Exactly a year after the school shooting in Parkland, Florida, we must not forget the urgent need for gun control legislation.
Not every tragedy can be prevented, but we as a people must admit that there is a gun violence problem that exists on a national scale, and has only gotten worse since the Columbine shooting in 1999. Something has to be done. Laws must be changed.
At its simplest, guns should be allowed for hunting and for self-defense. I believe that the right to self-defense is essentially what is recognized by the Second Amendment to the U.S. Constitution. But beyond that limited, albeit important, purpose, gun ownership and possession can and should be legislated and controlled by the government.
Guns did not exist for all of human history. In this sense, the right to specifically carry a gun is not, and should not, be a natural right, on par with the universal and inalienable rights inherent to all human beings. On this point, I'm sure that there are places in the world -- neighborhoods, towns, even very large areas -- in which there are no guns at all. Yet, it is not as if the people in those places are being deprived of a right to which they are entitled simply by virtue of being human.
That being said, the conditions in some parts of the U.S. may not match the conditions in those places mentioned above, so a person's natural right to self-defense must therefore realistically include the right to own and possess a gun. That is to say that the right to self-defense is the primordial right, to which a subsidiary right to own and possess a gun may attach.

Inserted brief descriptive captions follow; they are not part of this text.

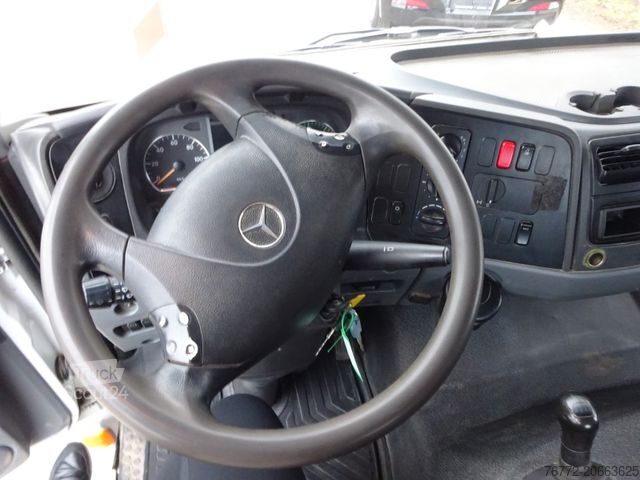 Φορτηγό ανατρεπόμενο βαν MERCEDES-BENZ Atego 824 /3 Seiten Kipper/Klima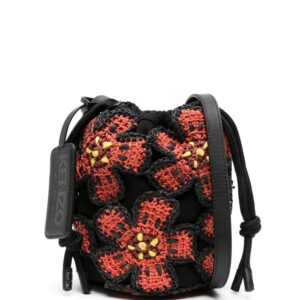 Kenzo Boke-flower crochet bucket bag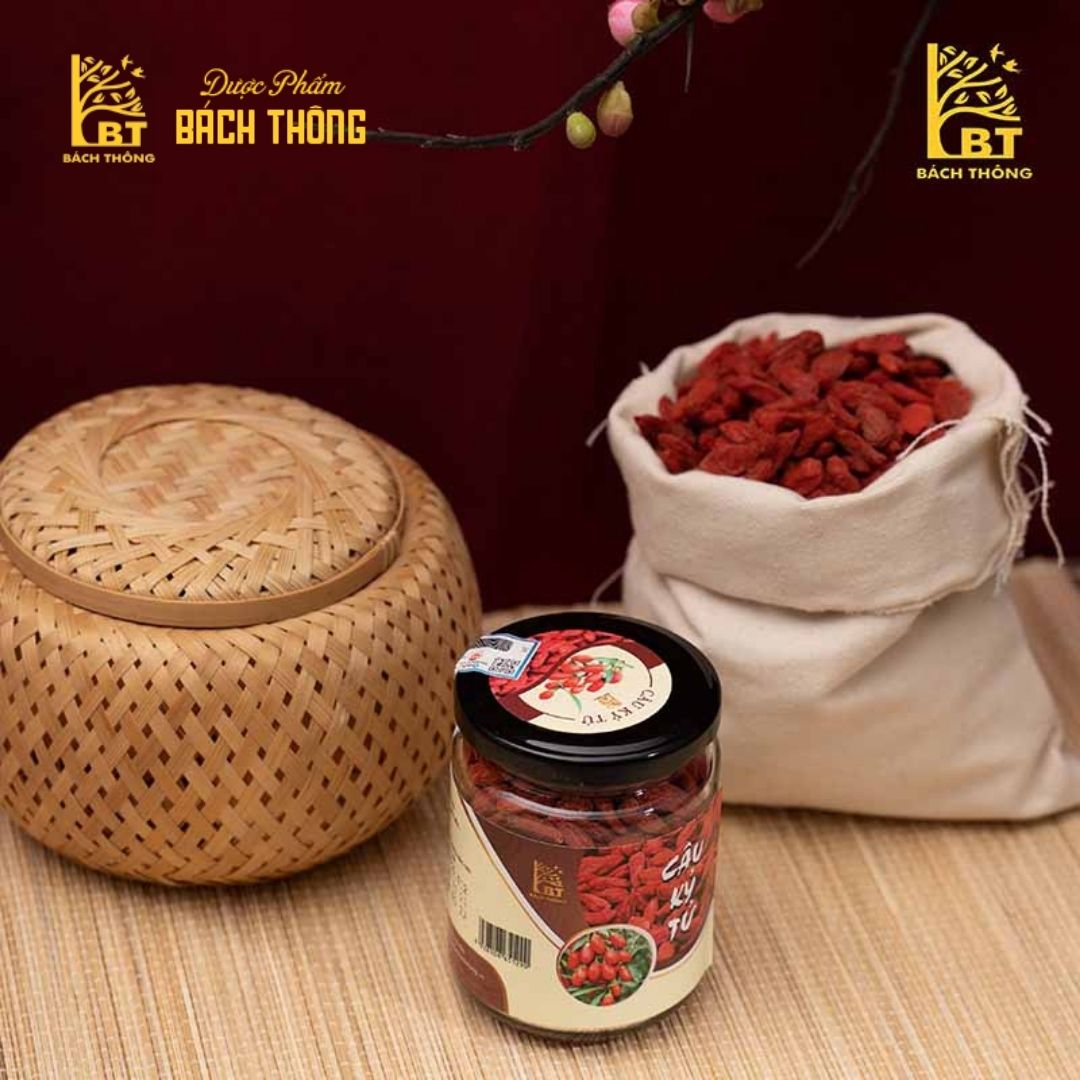 [Túi 500g] Câu kỷ tử Bách Thông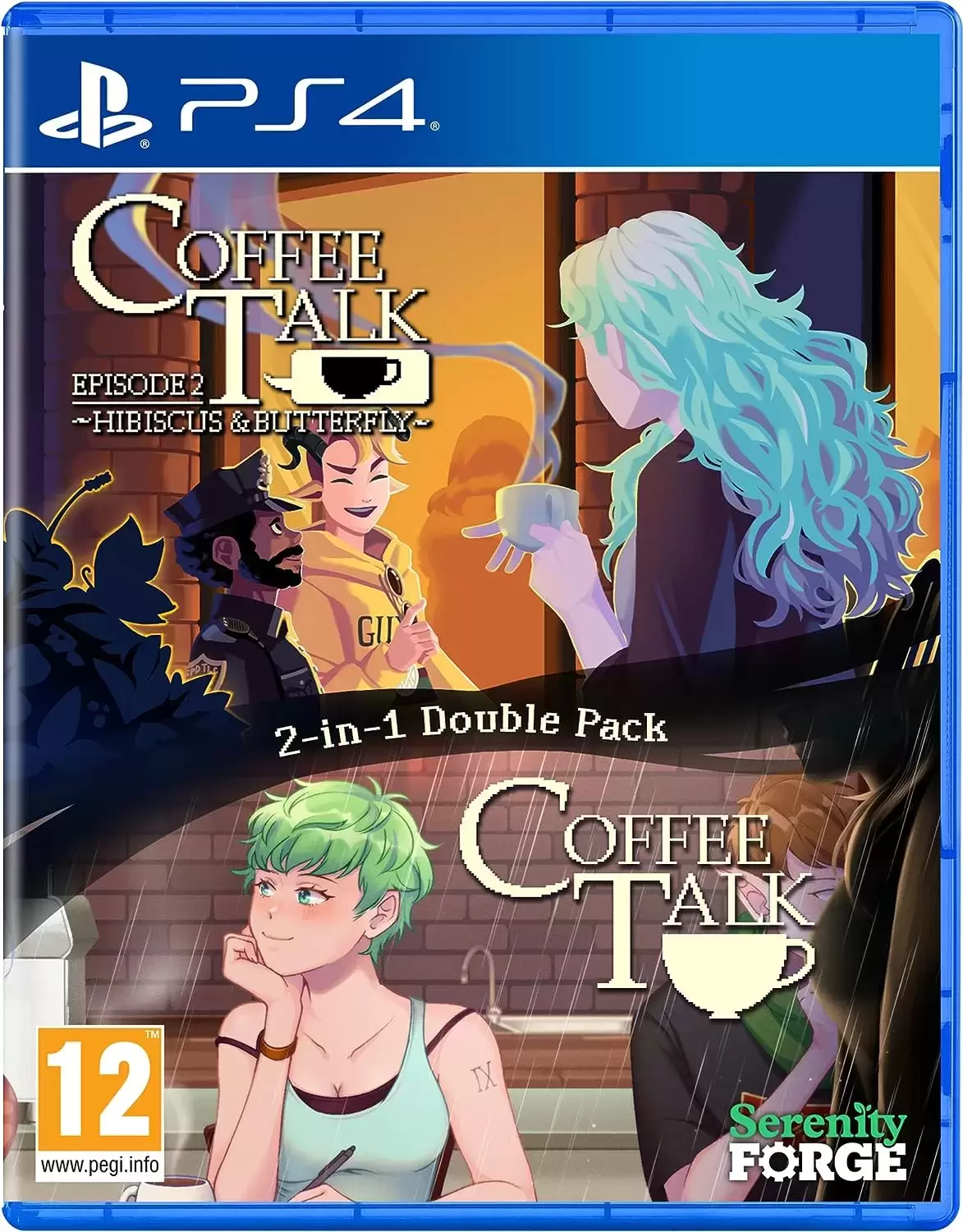 PS4 Games - Coffee Talk: 2-in-1 Double Pack
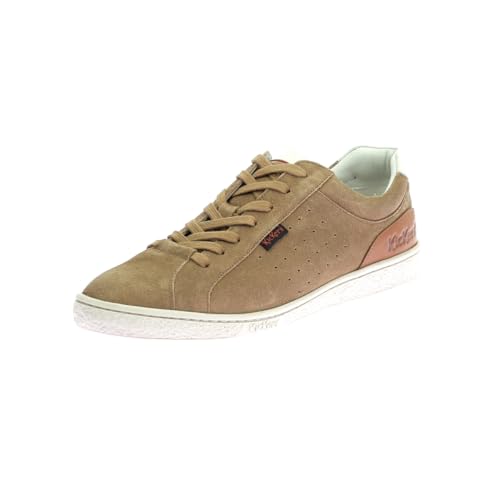 Kickers Herren Kick Salem Sneaker, Camel Beige, 44 EU von Kickers
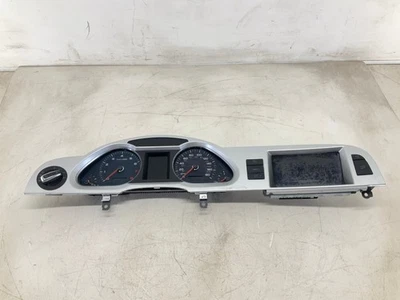 09-11 Audi A6 C6 velocímetro cuadro de instrumentos medidor con bisel de tablero y pantalla OEM Foto 1 de 4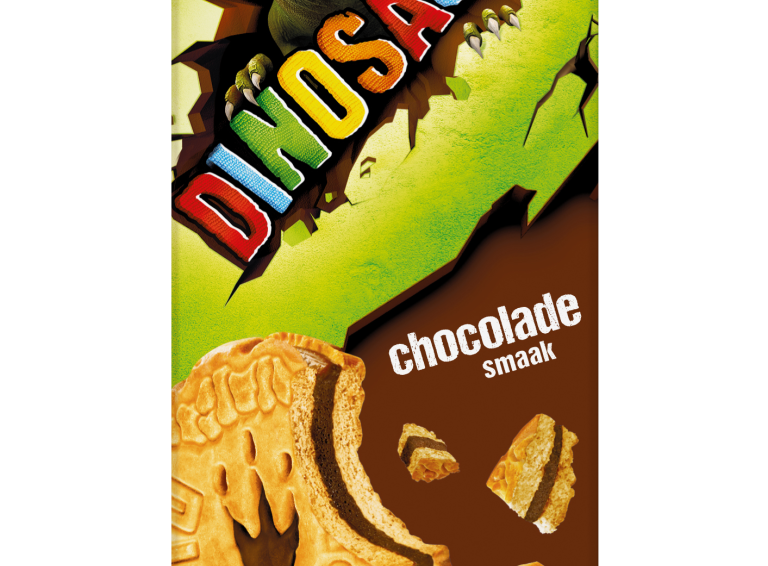 Dinosaurus Filled Chocolate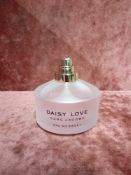 RRP £80 Unboxed 100Ml Tester Bottle Of Marc Jacobs Daisy Love Eau So Sweet Eau De Toilette Spray Ex-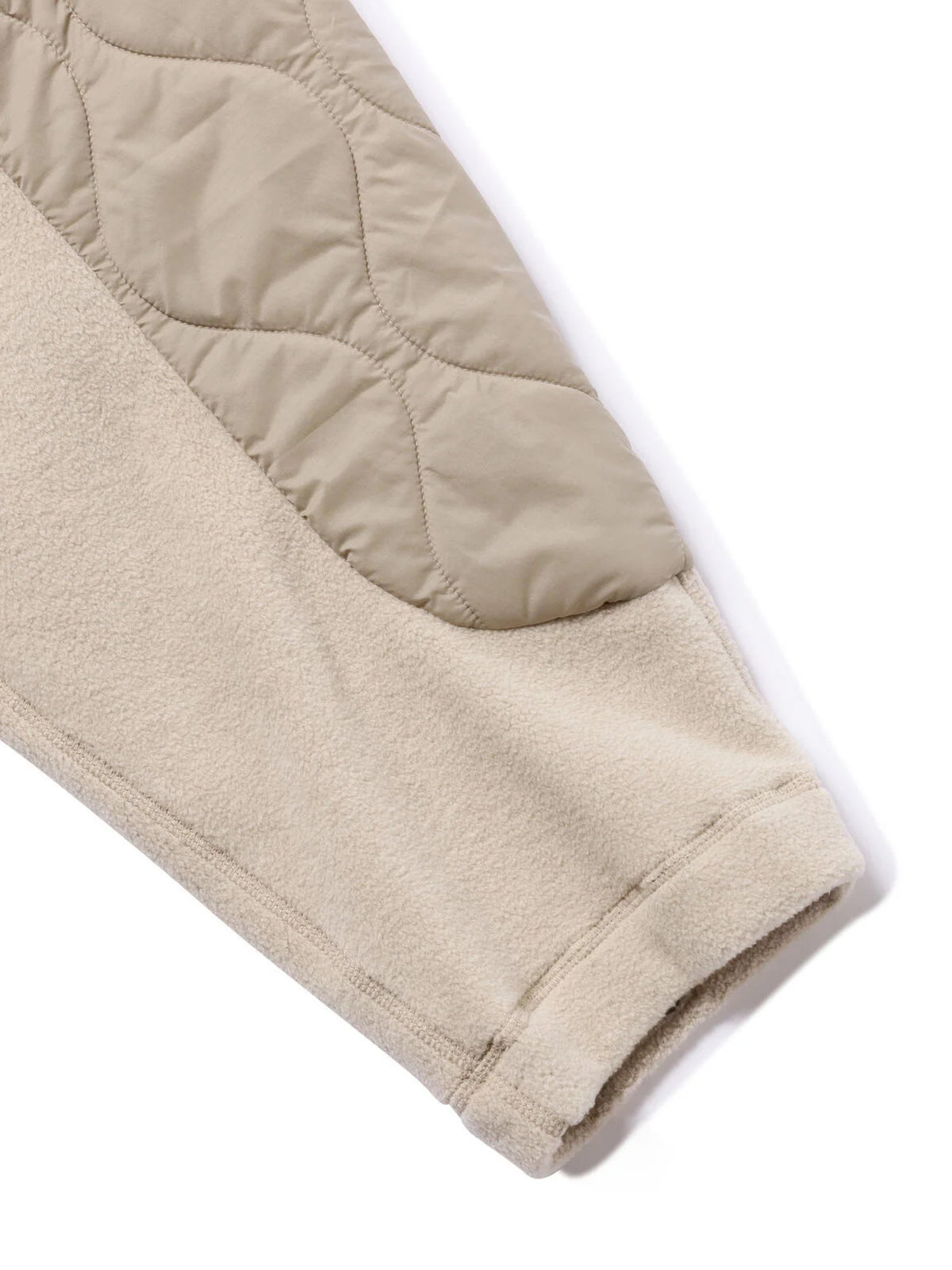 quilting fleece jacket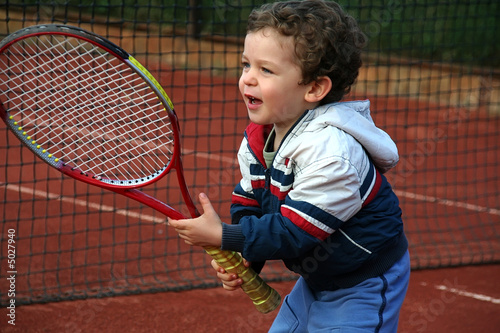 tennis boy © Snezana Skundric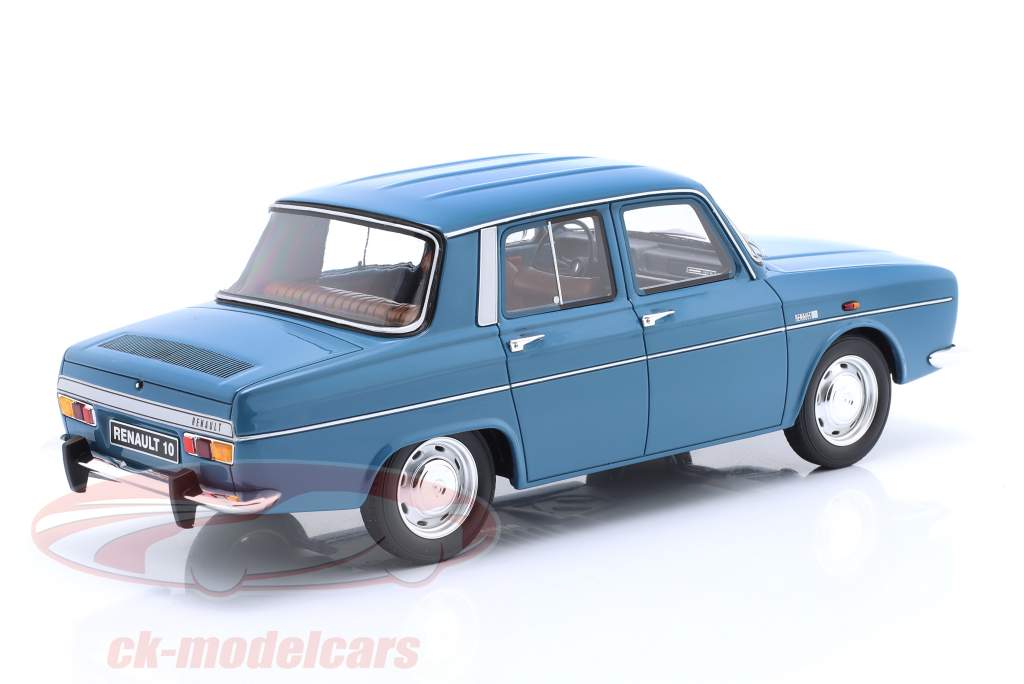 Renault 10 Año de construcción 1970 importante azul 1:18 OttOmobile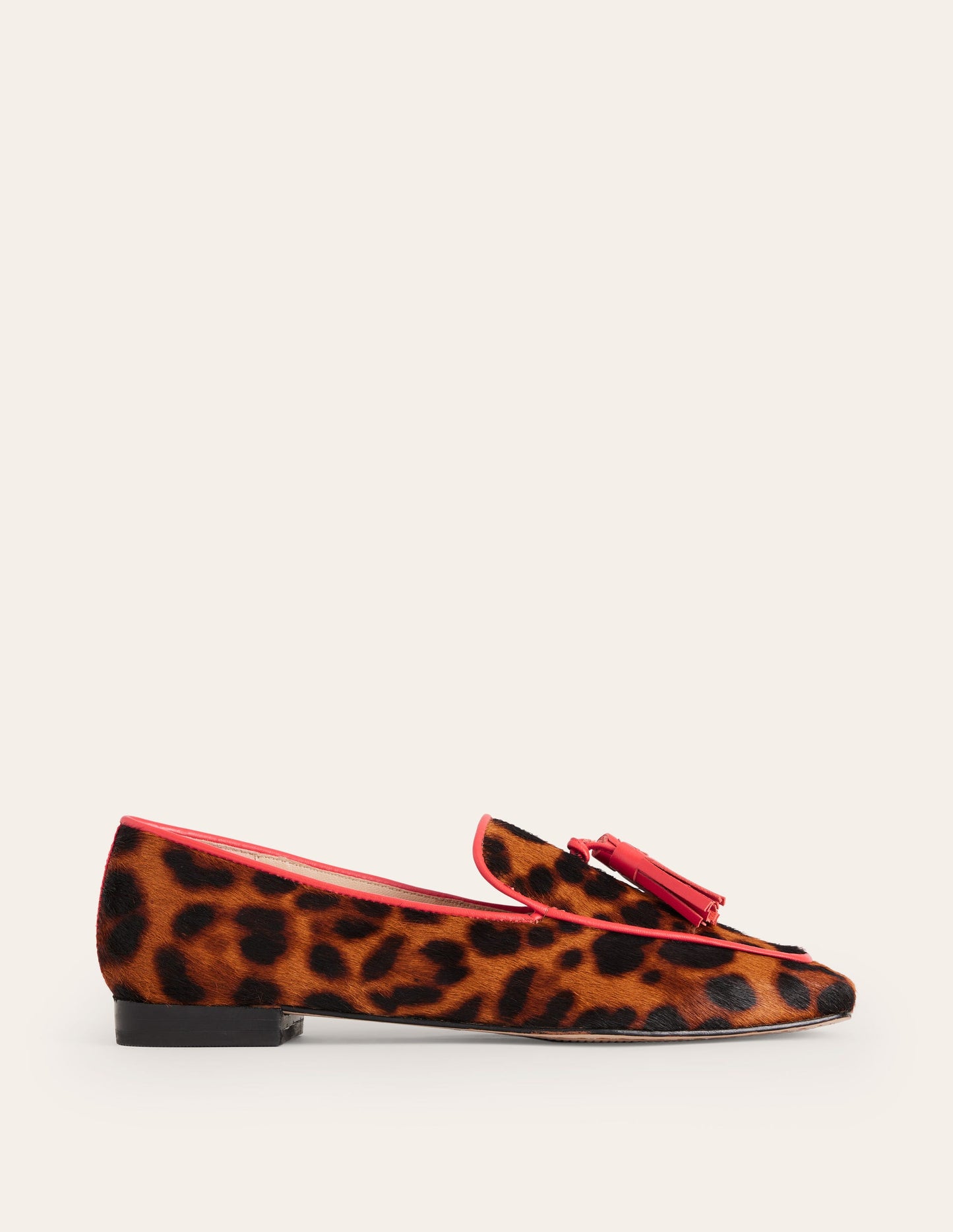 Soft Slipper Flats-Dark Classic Leopard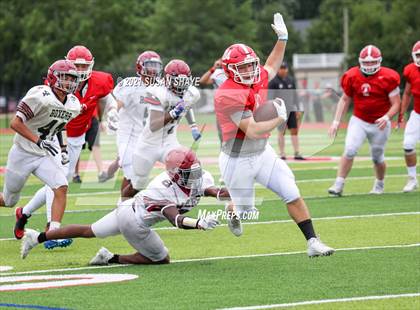 Thumbnail 1 in Brockton @ St. John's (scrimmage) photogallery.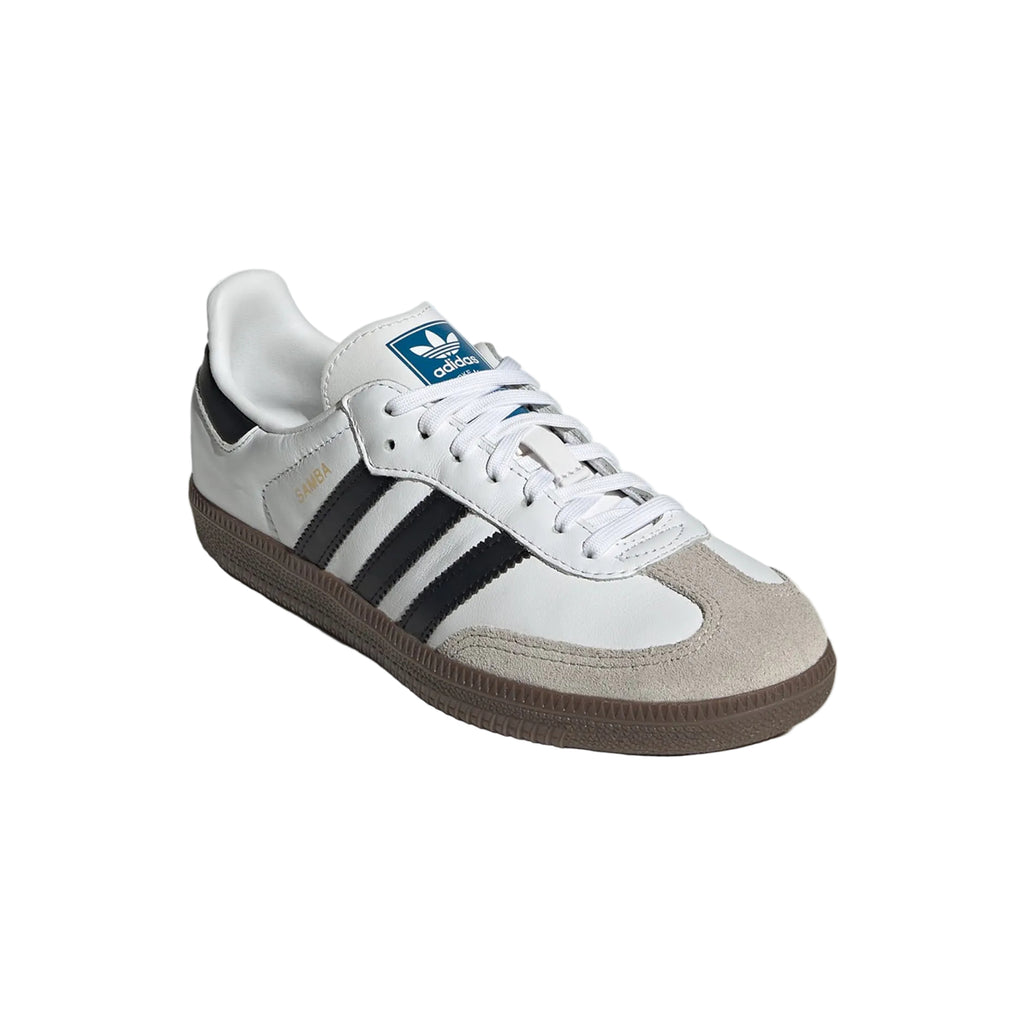 Adidas Samba OG Shoes Kids White / Core Black / Gum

Back to the point above that 'the right to specifically carry a gun is not, and should not, be a natural right.' This, in itself, means that gun ownership and possession may be regulated by the government. And now, due to present historical conditions, as evidenced by Columbine through to Parkland, the government must change existing laws to more effectively regulate gun ownership and possession to address this reality. People's lives will depend on it, and in that, the right to life must certainly outweigh what isn't even a natural right.